Have been looking on and off at a problem I've seen for a while now, without massive success. I see intermittant 'white gaps' occuring in xymon results across a number of services, and sometimes at corresponding times, but sometimes not. Most frequently I see this gap for CPU load, and this isn't just specific to one server.
Attached is an example of useres and processes from one client server. There is a corresponding gap for the approx 3AM gap in CPU utilization graphs, memory graphs, actually, all of them I think, and a large 300second spike in clock offset at that time. But, nothing corresponding to the other gaps.
If I look at the xymon server itself, it looks like there was something up at that time too, as xymond incoming messages drops to zero. But, for the rest of the day, it holds at a steady number. But, theres are gaps all over the place in xymonnet runtime, CPU utilization, users and procs, etc.
I seem to recall we did try to tweak some rrd cache value as it cropped up in another post, which I think improved things slightly. But, we are having problems with the platforms that we're trying to monitor, with apparent long NFS pings between boxes.
The xymon server itself is running on a VM box. Has anyone had issues running on VM?
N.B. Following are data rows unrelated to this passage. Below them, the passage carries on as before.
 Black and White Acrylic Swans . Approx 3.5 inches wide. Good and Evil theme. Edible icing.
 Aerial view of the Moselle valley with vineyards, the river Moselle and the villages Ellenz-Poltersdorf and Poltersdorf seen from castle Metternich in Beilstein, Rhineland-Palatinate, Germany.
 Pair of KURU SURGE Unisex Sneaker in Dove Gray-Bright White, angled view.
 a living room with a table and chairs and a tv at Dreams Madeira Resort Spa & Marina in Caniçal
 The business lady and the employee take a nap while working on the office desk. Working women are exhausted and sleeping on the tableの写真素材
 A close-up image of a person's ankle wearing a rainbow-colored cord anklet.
As best I can figure, either we have a xymon config issue, the xymon box itself isn't stable and it dropping data, or we have genuine network / disk write issues..
Any other thoughts?
Cheers!
The information contained in this email and any attached files is confidential and intended solely for the addressee(s). The email may be legally privileged or prohibited from disclosure and unauthorised use. If you are not the named addressee you may not use, copy, or disclose this information to any other person. If you received this message in error please notify the sender immediately and delete it from your system.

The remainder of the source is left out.